Er war ein schwieriges Kind. Daher schickten seine Eltern den 15-jährigen Paul Acker als Schiffsjungen nach Hamburg. Als Leichtmatrose kam er auf dem Segler Passat 1914 in Iquique an, und von da an wurde sein Lebensweg immer tragischer.
Erst einmal ein wenig Vorgeschichte. Als am 28. Juli 1914, nach der Kriegserklärung Österreichs an Serbien der Erste Weltkrieg ausbrach, war die Welt überrascht. Besonders hart traf der Schlag die zahlreichen europäischen Unternehmen in Chile, die sich nach der Unabhängigkeitserklärung und Öffnung der Häfen in diesem fernen Land am Pazifik niedergelassen hatten, darunter vor allen anderen die deutschen, denn kurz nach Beginn der Feindseligkeiten unterband Großbritannien den Schiffsverkehr mit dem Deutschen Reich.
Zahlreiche deutsche Schiffe, ob Segelschiffe oder Dampfer, erfuhren vom Kriegsausbruch überhaupt erst nach Ankunft in Chile, denn Radio- und Funkanlagen gab es erst seit kurzem und hatten nur die wenigsten. Groß war deshalb die Überraschung vieler Kapitäne und Mannschaften, als sie beim Anlegen in einem chilenischen Hafen erfahren mussten, dass eine Rückreise nach Deutschland vorerst unmöglich sei. Andere Schiffe hatten nach Kriegsausbruch absichtlich einen chilenischen Hafen angelaufen, da den Kapitänen die Haltung Chiles als deutschfreundlich bekannt war.
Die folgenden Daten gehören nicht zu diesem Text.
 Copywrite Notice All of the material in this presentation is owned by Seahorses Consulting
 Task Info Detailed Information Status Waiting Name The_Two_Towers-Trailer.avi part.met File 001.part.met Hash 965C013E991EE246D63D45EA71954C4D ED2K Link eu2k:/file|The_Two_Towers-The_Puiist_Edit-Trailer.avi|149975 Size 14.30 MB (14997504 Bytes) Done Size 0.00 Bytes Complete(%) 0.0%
So geschah es, dass bis Mitte des Jahres 1915 insgesamt 32 Dampfer und 57 Segelschiffe in chilenischen Häfen vor Anker lagen, meist nicht direkt an der Mole, das hätte laufend zu hohe Hafenkosten verursacht, sondern auf Reede oder in nahegelegenen Buchten. Den Mannschaften, es waren mehr als 2.000 Männer, wurde der gleiche harte seemännische Dienst wie auf hoher See abverlangt, unerlaubtes Landgehen oder gar Davonlaufen als Desertation angesehen und hart bestraft. Dass es trotzdem vielen Seeleuten gelang, sich an Land abzusetzen, Anschluss und Arbeit zu finden, gar zu heiraten oder ein Geschäft zu eröffnen, sollte in Chile in den folgenden Jahren unübersehbare Spuren hinterlassen.
Der Wille, nach Deutschland zu entkommen war bei allen vorhanden! Er führte zu waghalsigen Unternehmungen, wie der Heimreise der jungen Seekadetten des Lloyd-Schulschiffes «Herzogin Cecilie», denen es gelang, auf der Mini-Dreimastbark «Tinto» nach Europa zu segeln und trotz Kontrollen durch britische Kriegsschiffe nach Norwegen, das neutral war, durchzukommen.
Paul Acker, Leichtmatrose des Viermastseglers «Passat»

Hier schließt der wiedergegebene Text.